* **Information provided**
= Beginning of Section =

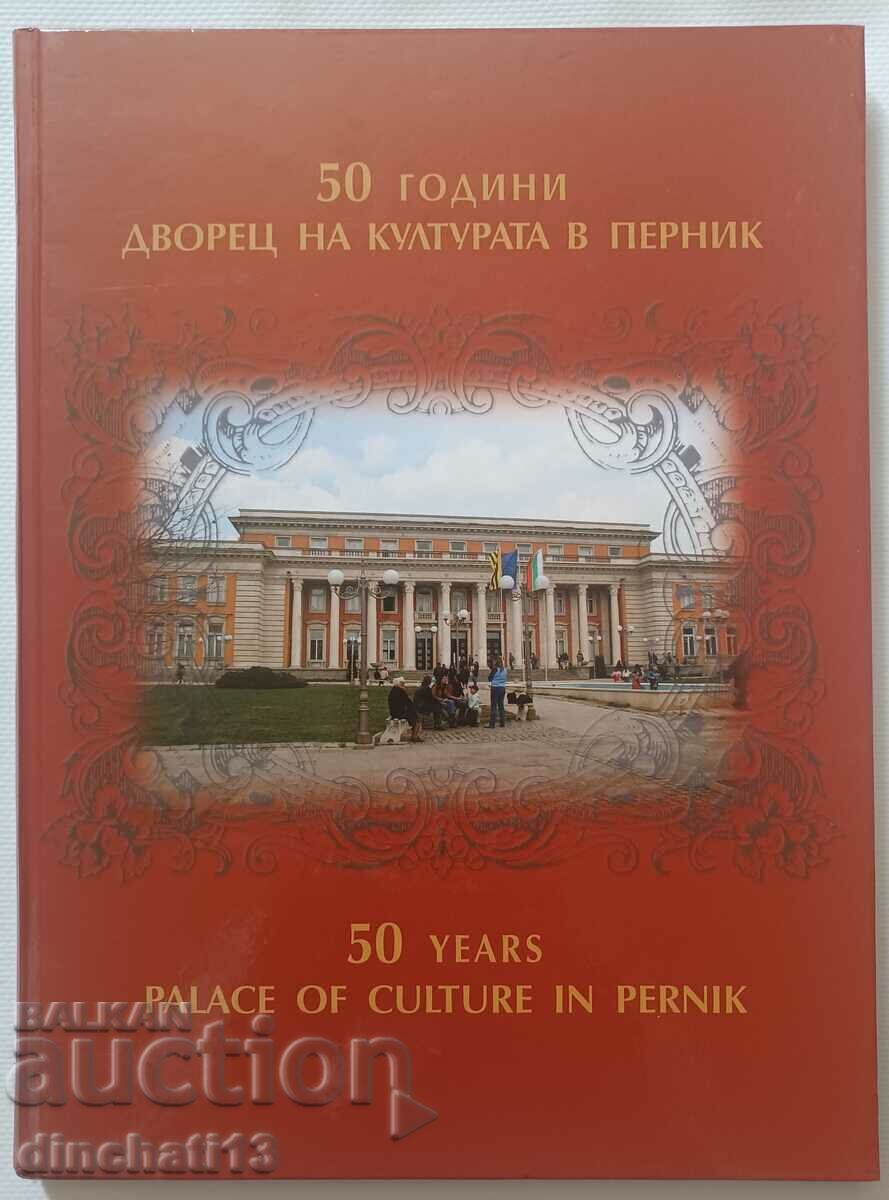 50 Years Palace of Culture in Pernik / 50 Years Palace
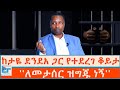 ከታዬ ደንደአ ጋር የተደረገ ቆይታ እንኳን መታሰር ሌላም ነገ�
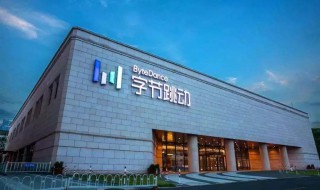 字节跳动是什么公司 字节跳动介绍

= End of Section =

* **Required work**
All of the data above must be printed exactly, minus its pictures.

* **Solution to the exercise**
 50 Years Palace of Culture in Pernik / 50 Years Palace
 ከታዬ ደንደአ ጋር የተደረገ ቆይታ እንኳን መታሰር ሌላም ነገ�
 字节跳动是什么公司 字节跳动介绍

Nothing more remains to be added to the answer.